The Point of No Return

Recently, a Possibly Maybe expressed her hesitance to visit me. I replied: "It’s okay as we haven't crossed the point of no return yet". Later, I wondered about the validity and the origin of that phrase. Most of the times, there is no point of no return in our lives. You can almost always come back at your earlier deeds, words or intentions. It's called progressive insight (eg, regret, remorse, or new information).

The Point of No Return is an aviation term for describing the moment when a WW2 pilot no longer had enough fuel to return the aircraft to its base (eg, Wiki). Grammarist: "The first use of the phrase point of no return in an idiomatic way occurred in the novel Point of No Return published by John P. Marquand in 1947. A Broadway play followed in 1951, aiding the spread of the idiom into general use."

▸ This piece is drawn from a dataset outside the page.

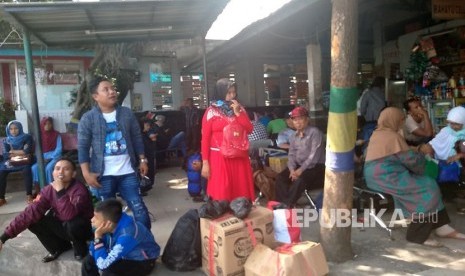 Suasana di Terminal Cicaheum, Bandung pada Selasa (19/6). Terminal Cicaheun masih menjadi tempat pemberangkatan pemudik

In business economics, the point of no return for an asset (eg, sales outlet) has arrived when the cost of sales becomes higher than the sales (ie, a negative contribution margin). Similarly, a point of no return arrives when human efforts become inadequate for stopping a certain process (eg, medical treatment of humans or pets). In both cases, the moment arrives that you need to let go.

On 1 January 2020, the Dutch divorce law has changed. This caused a flood of divorce requests in December 2019 in order to claim the old 12 year alimony period. Another flood of divorce requests is expected in January 2020 in order to claim the new 5 year alimony period. The Point of No Return is not always dependent on the amount of "energy" left.

The Point of No Return seems related to stage 5, Acceptance (my blogs), of the five stages of processing grief by Dr. Elisabeth K├╝bler Ross. Human efforts for avoiding a point of no return, will continue in stages (1) denial, (2) anger, (3) bargaining, and (4) depression. At stage 5, we accept and let go.

The English writer and humorist Terry Pratchett (1948-2015) argued in his 2007 fantasy novel Making Money that "you get a wonderful view from the point of no return" (eg, GoodReads). I must agree. There's indeed a moment of full clarity, once you reach a Point of No Return.

Sometimes, it's only with hindsight that you realise that you have crossed a point of no return. A quote from Graham Greene (1904-1991) from his 1966 novel The Comedians: "There is a point of no return, unremarked at the time, in most lives".

“In everybody’s life there’s a point of no return. And in a very few cases, a point where you can’t go forward anymore. And when we reach that point, all we can do is quietly accept the fact. That’s how we survive.” A quote by Japanese writer Haruki Murakami (b. 1949) from his 2002 novel Kafka on the Shore. Note: bold marking in quote by LO.

Point Of Know Return (1977) by Kansas

Your father, he said he needs you 
Your mother, she says she loves you 
Your brothers, they echo your words: 
"How far to the point of know return?" 
"Well, how long?"


Note: all markings (bolditalicunderlining) by LO unless stated otherwise.